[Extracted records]
·····

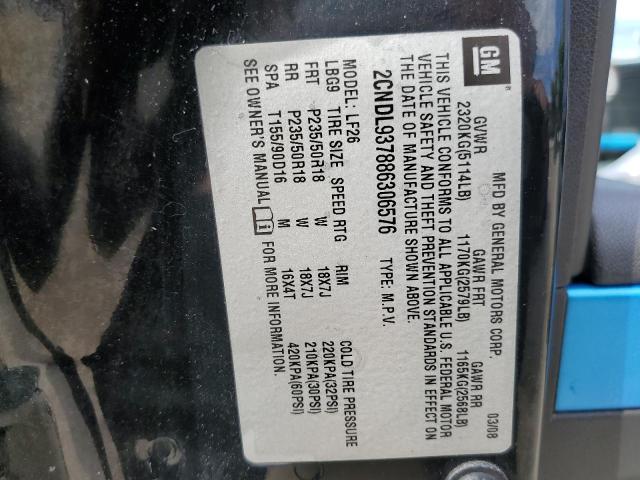 2CNDL937886306576 - 2008 CHEVROLET EQUINOX SP BLACK photo 10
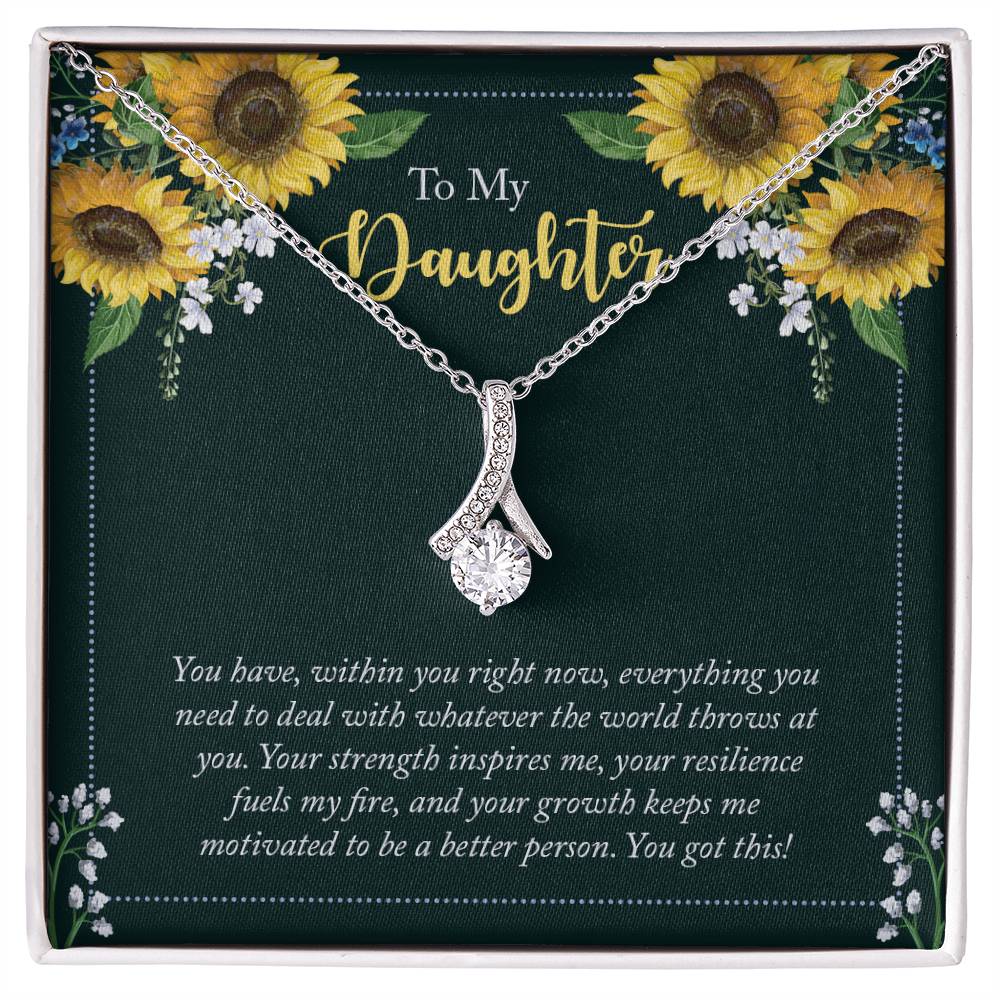 To My Daughter Necklace – Daughter Gift for Valentine’s and Graduation – Alluring Beauty Necklace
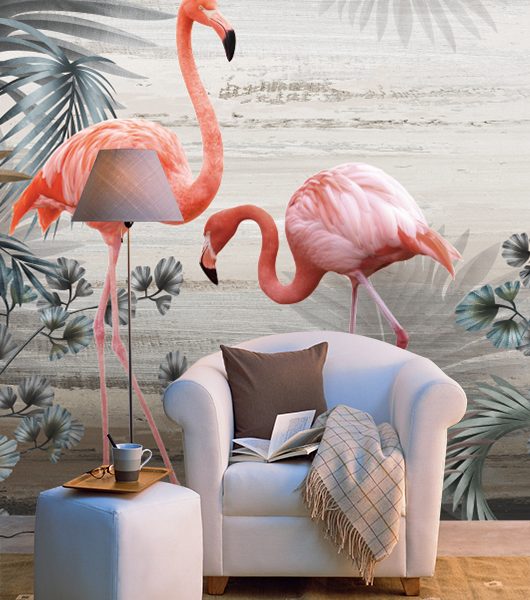 Flamingo Figürleri Tropikal Duvar Kağıdı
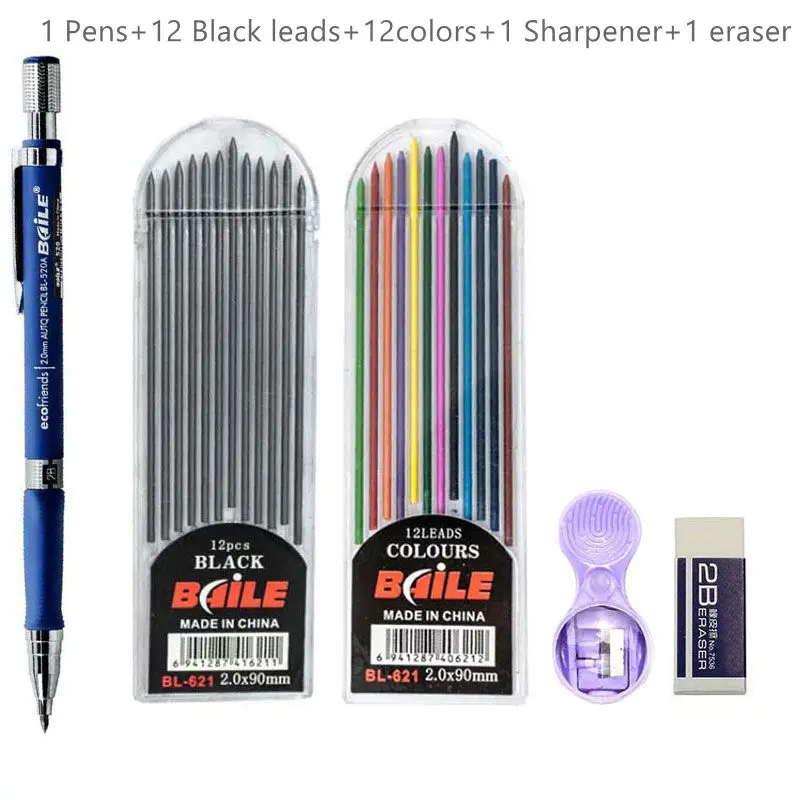 2.0mm Mechanical Pencil Set 2B Automatic Pencils with Color/Black Lead Refills for Draft Drawing, Writing, Crafting, Art Sketch: Orange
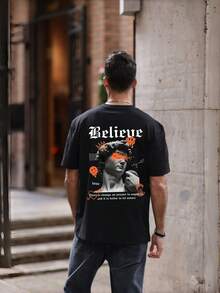 Men's T-Shirts, Short Sleeve, 100% Pure Cotton, 200 Gram Weight, Men's Clothing, Fashionable Casual Outdoor Sports Sweatshirts, Gym Gifts For Men, Father's Day, Beach, Lightweight And Breathable - 黑色 - 查看 2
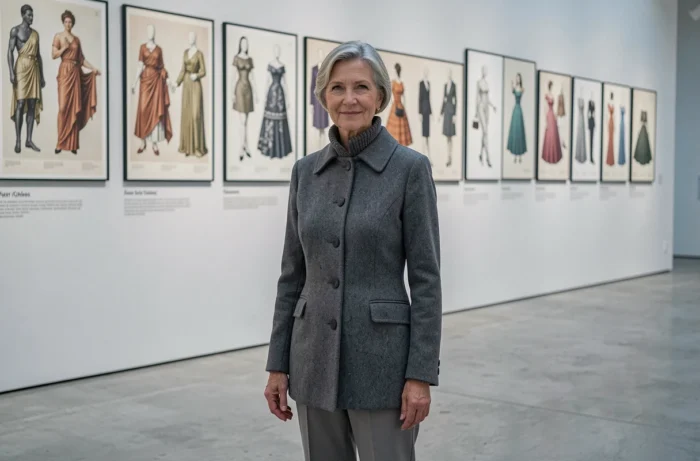 Elegant woman wearing a Victorian collar coat in front of a timeline of fashion evolution in a contemporary museum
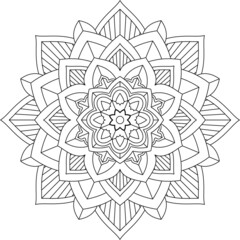 Easy Mandala coloring book simple and basic for beginners, seniors and children. Set of Mehndi flower pattern for Henna drawing and tattoo. Decoration in ethnic oriental, Indian style.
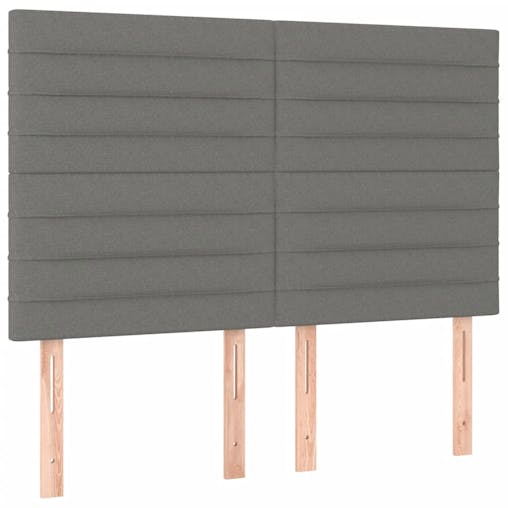 NNEVL Box Spring Bed with Mattress&LED Dark Grey 137x190 cm Double Fabric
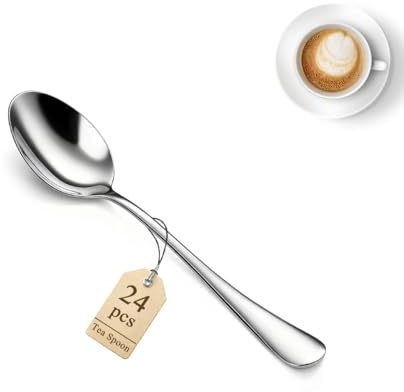 Berglander Cuillères à café 24 pièces 14 cm, ensemble de mini-cuillères en acier inoxydable pour dessert, glace, couverts en métal pour la maison, la cuisine, le restaurant, le café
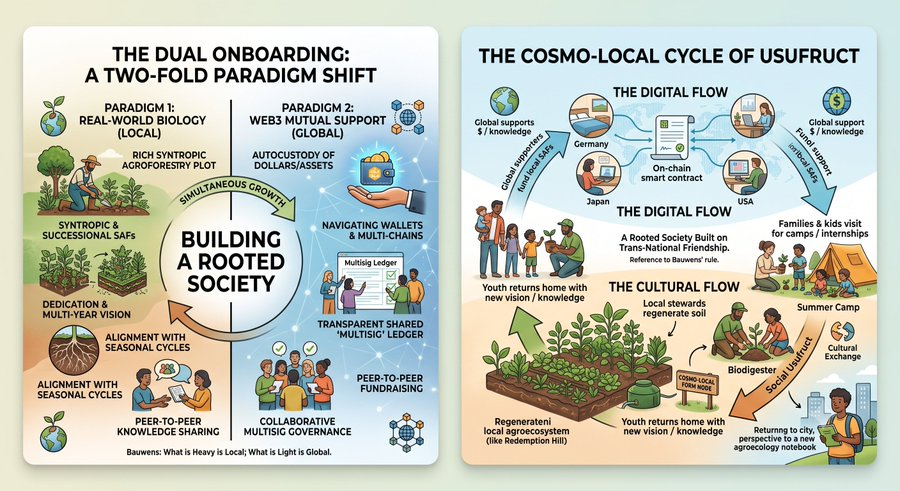 mbauwens's tweet photo. Please read this article, which is, much like the Traditional Dream Factory and RegenAvocadeo in Sicilia, an experiment to figure out Cosmo-Local community building in practice:

https://t.co/dI6UHlDxmT

(a big thanks to @agroforestDAO ) https://t.co/Y03ghrj9yy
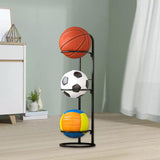 Maxbell 3 Tiers Ball Rack Vertical Ball Storage Basketball Storage Shelf for Kids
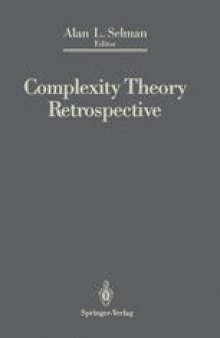 Complexity Theory Retrospective: In Honor of Juris Hartmanis on the Occasion of His Sixtieth Birthday, July 5, 1988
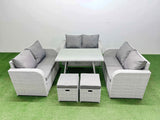 Fimous Rattan Garden Furniture Dining Set 8 seater Patio Rectangular Table Love Sofa Set with 2 Small Stools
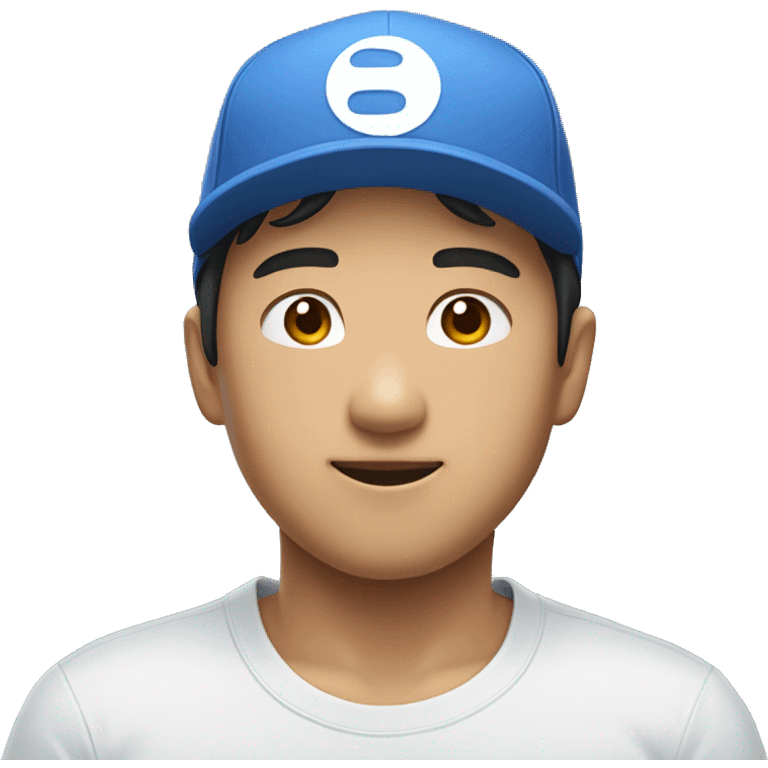 A handsome Asian boy wearing a blue short sleeve shirt and a white cap hat upside down emoji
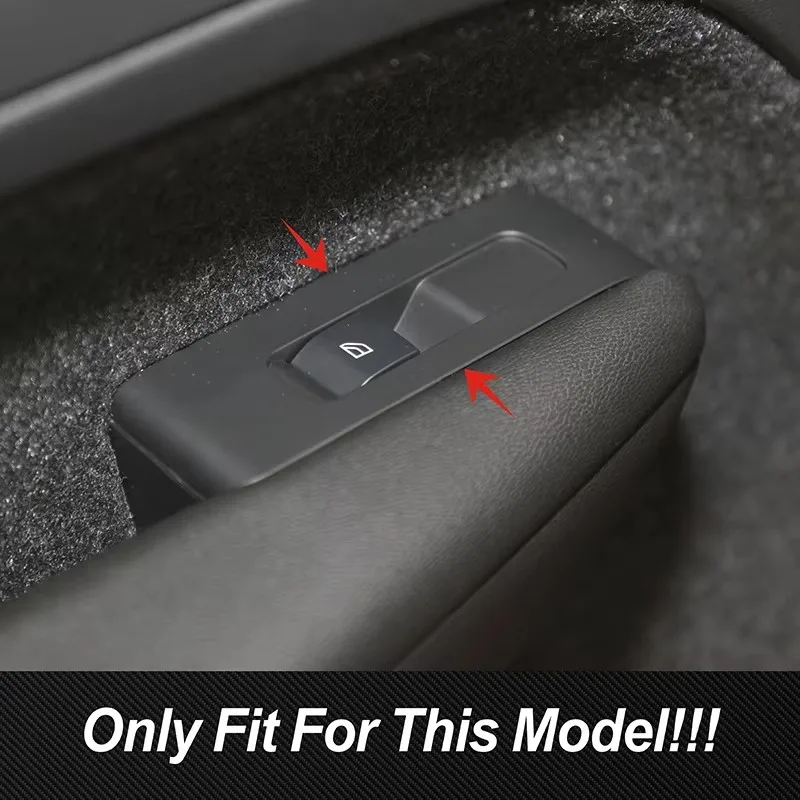 Car Window Glass Lifting Buttons Panel Cover Trim For Volvo XC40 2019-2022 LHD Interior Accessories Carbon Fiber Pattern Sticker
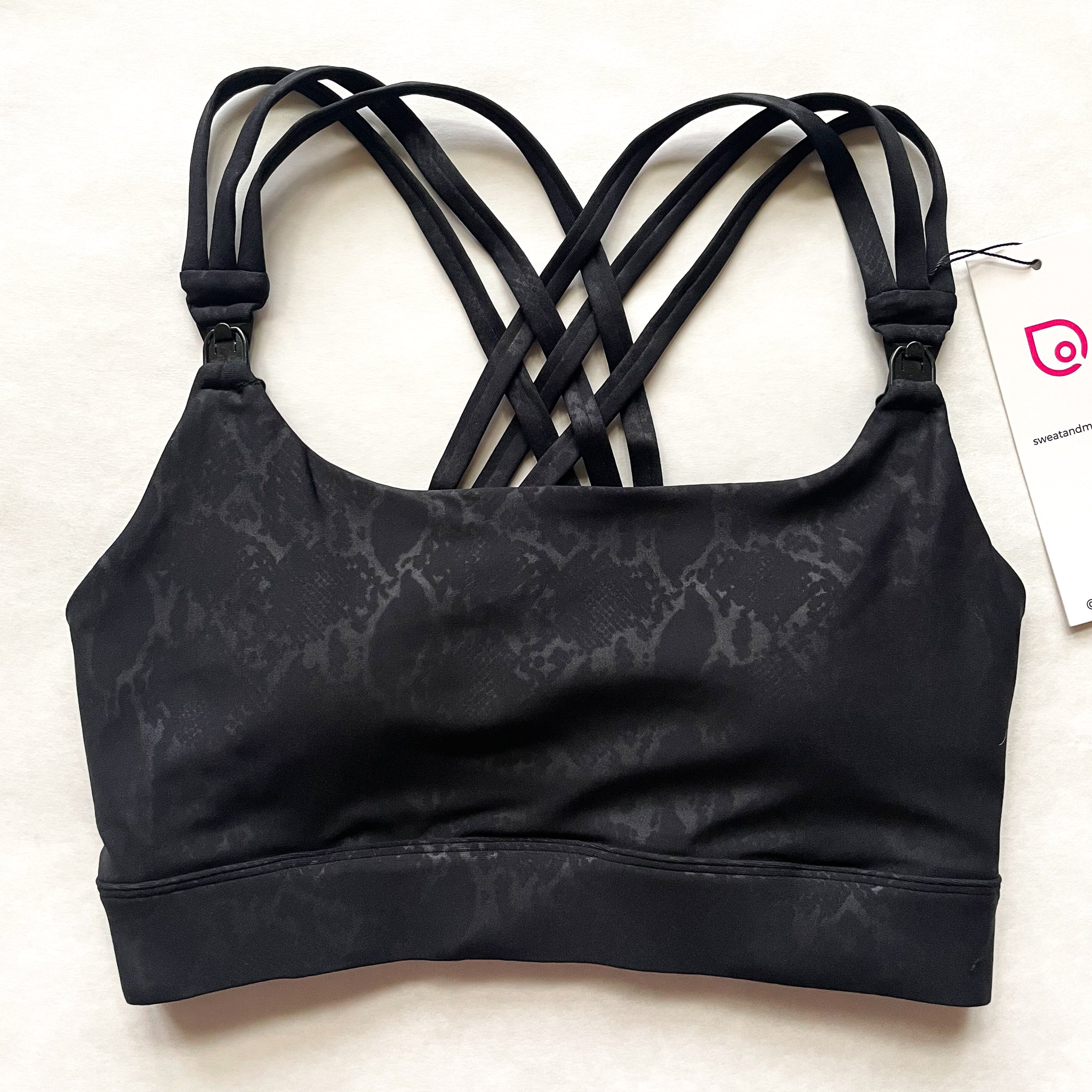 Chloe 4 Running Nursing and Pumping Sports Bra, black, strappy back, supportive, stylish, mid high impact, high coverage, supportive, large chest, black, sweat and milk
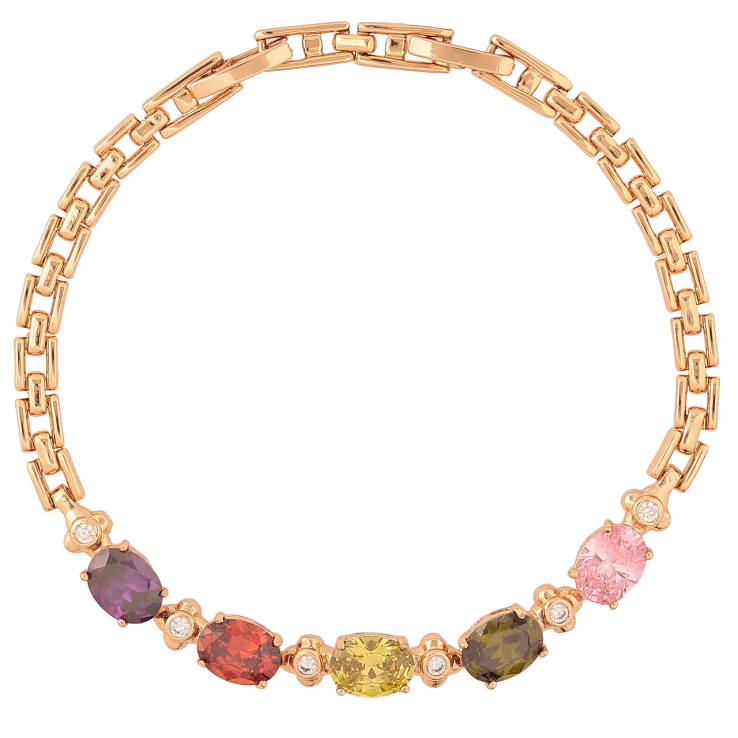 Браслет Xuping Позолота 18K «Вставка з різнокольорових кристалів» розмір з доп.замком 17,19.5см х 4мм фото №24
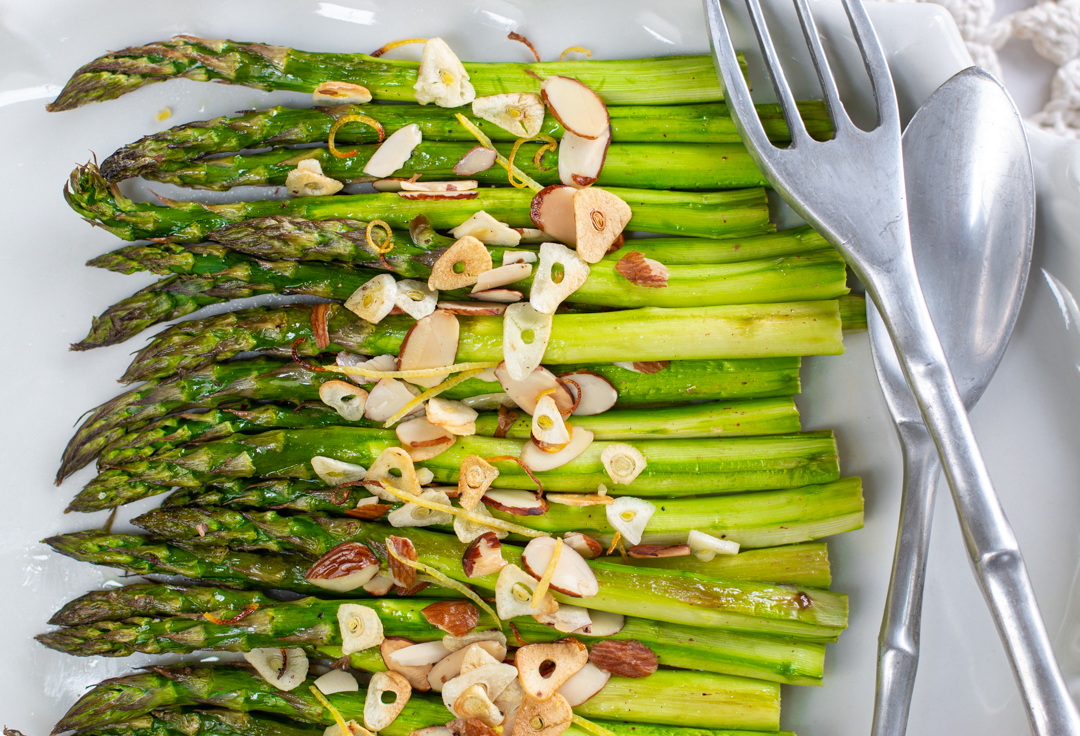 Simply Roasted Asparagus with Garlic, Almonds & Lemon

·····

Only the lines from the first line of the entries through the line containing "Berglander Cuillères à" should be output, exactly as they are, without pictures.

 2CNDL937886306576 - 2008 CHEVROLET EQUINOX SP BLACK photo 10
 To My Daughter Necklace – Daughter Gift for Valentine’s and Graduation – Alluring Beauty Necklace
 Flamingo Figürleri Tropikal Duvar Kağıdı
 2.0mm Mechanical Pencil Set 2B Automatic Pencils with Color/Black Lead Refills for Draft Drawing, Writing, Crafting, Art Sketch: Orange
 Men's T-Shirts, Short Sleeve, 100% Pure Cotton, 200 Gram Weight, Men's Clothing, Fashionable Casual Outdoor Sports Sweatshirts, Gym Gifts For Men, Father's Day, Beach, Lightweight And Breathable - 黑色 - 查看 2
 Elegant woman wearing a Victorian collar coat in front of a timeline of fashion evolution in a contemporary museum
 Easy Mandala coloring book simple and basic for beginners, seniors and children. Set of Mehndi flower pattern for Henna drawing and tattoo. Decoration in ethnic oriental, Indian style.
 NNEVL Box Spring Bed with Mattress&LED Dark Grey 137x190 cm Double Fabric
 Berglander Cuillères à café 24 pièces 14 cm, ensemble de mini-cuillères en acier inoxydable pour dessert, glace, couverts en métal pour la maison, la cuisine, le restaurant, le café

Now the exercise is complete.